(Items listed in a dataset)

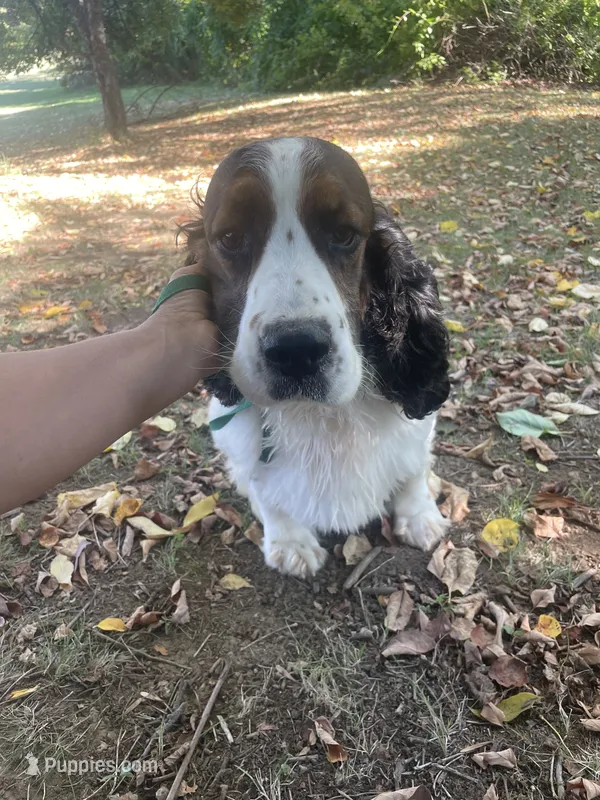 Atlas  – English Springer Spaniel puppy for sale in North Monmouth, ME
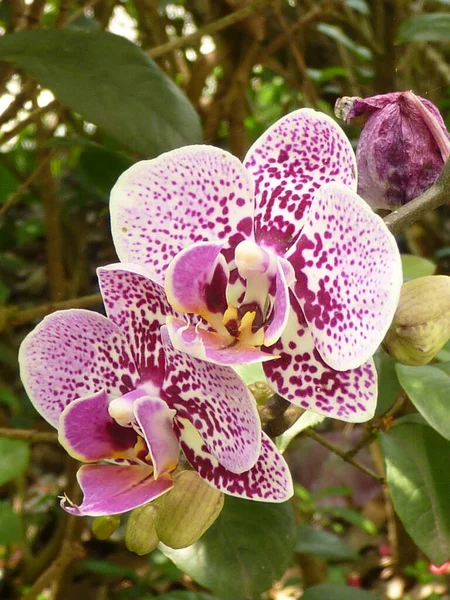 Primer Plano Orquídeas Lindas Bajo Luz Del Sol —  Fotos de Stock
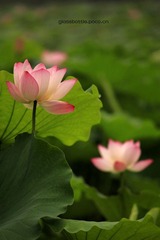 夏荷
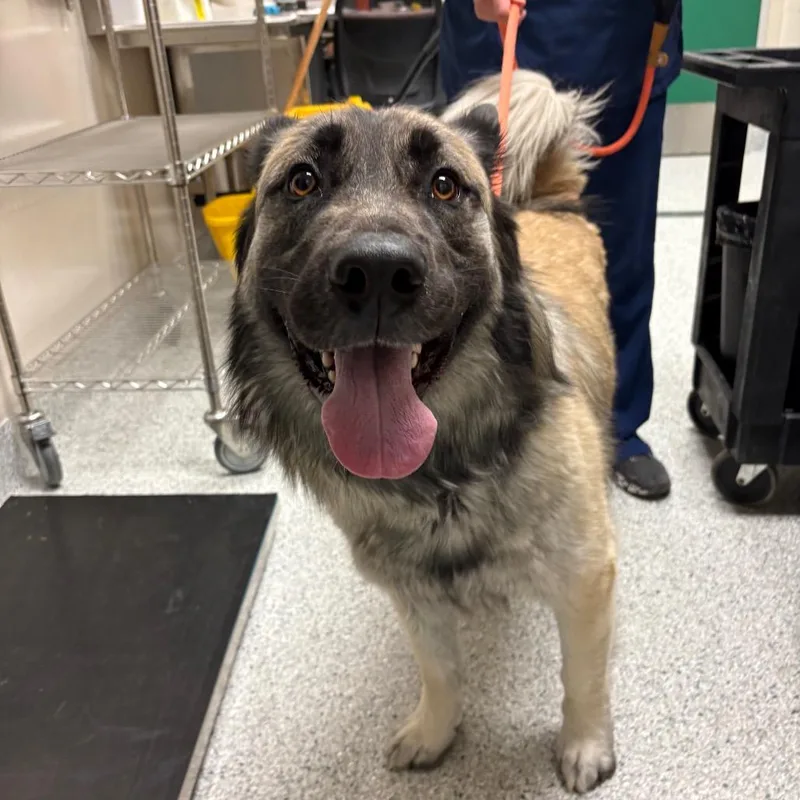An adult large-sized male Yellow / Tan / Blond / Fawn Dutch Shepherd dog named Rex for adoption in Reno, NV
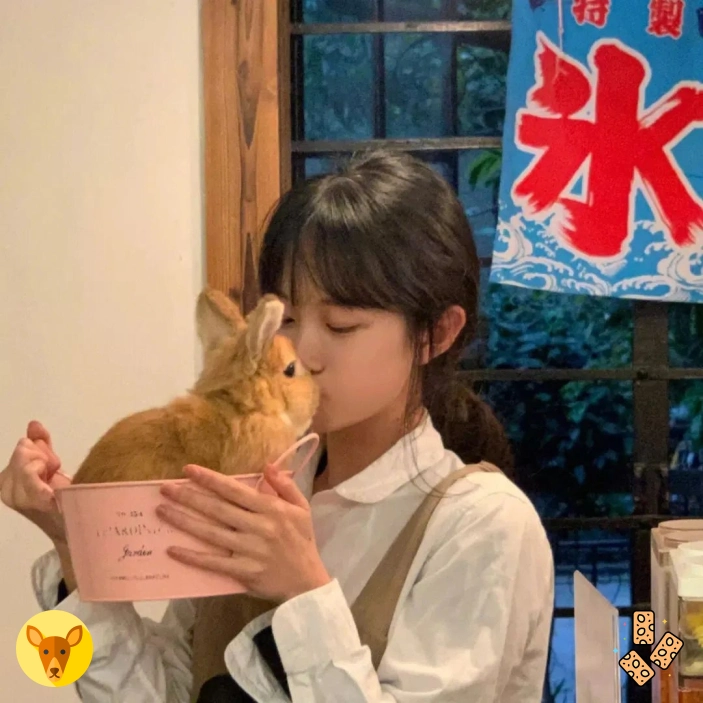 晚安账号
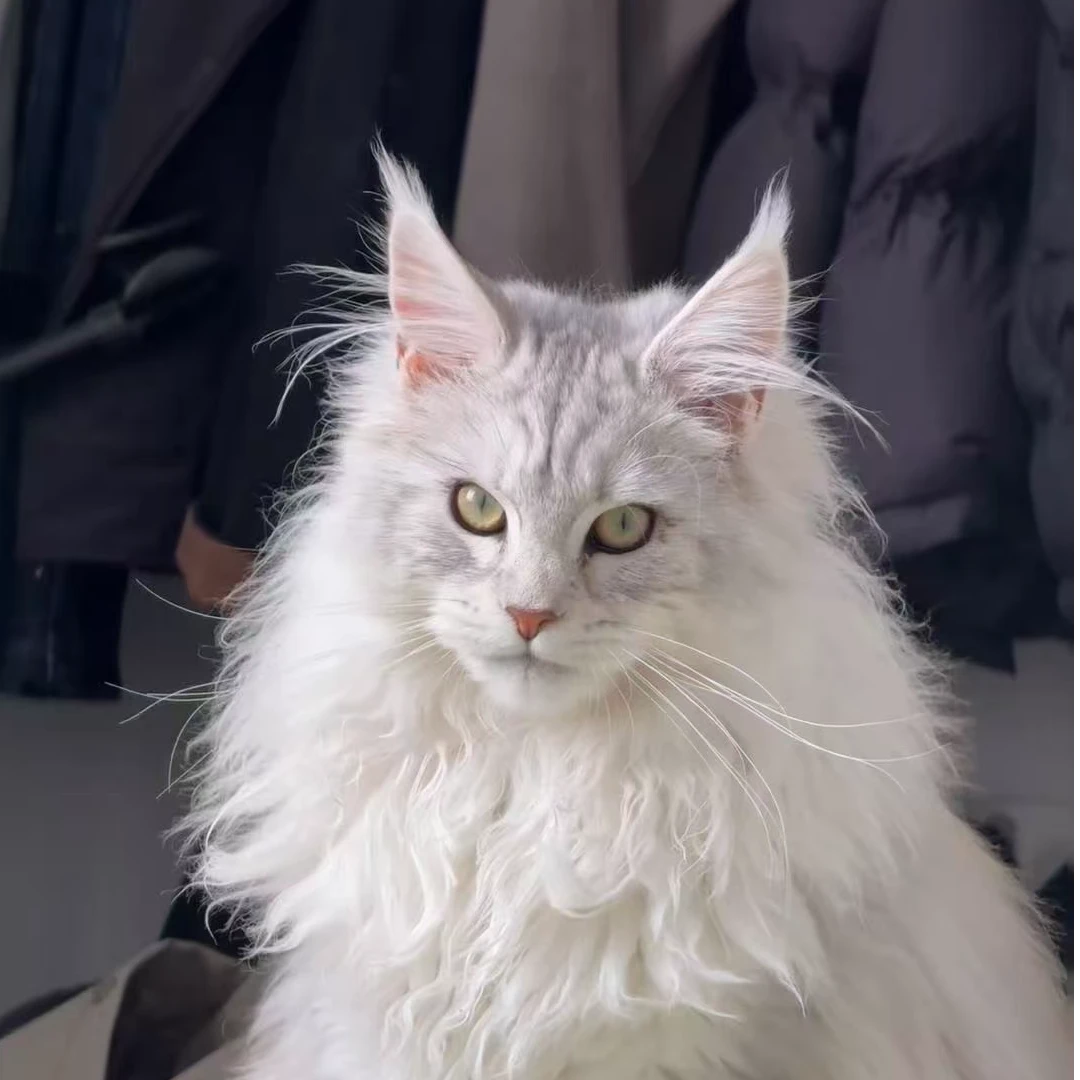 生来宠爱缅因猫咪活体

**YOUR GOAL**
In the records above, find the line that contains "Primer Plano Orquídeas". Retype it and every line after it, exactly, leaving out all pictures.

**WRITTEN SOLUTION**
 Primer Plano Orquídeas Lindas Bajo Luz Del Sol —  Fotos de Stock
 夏荷
An adult large-sized male Yellow / Tan / Blond / Fawn Dutch Shepherd dog named Rex for adoption in Reno, NV
 晚安账号
 生来宠爱缅因猫咪活体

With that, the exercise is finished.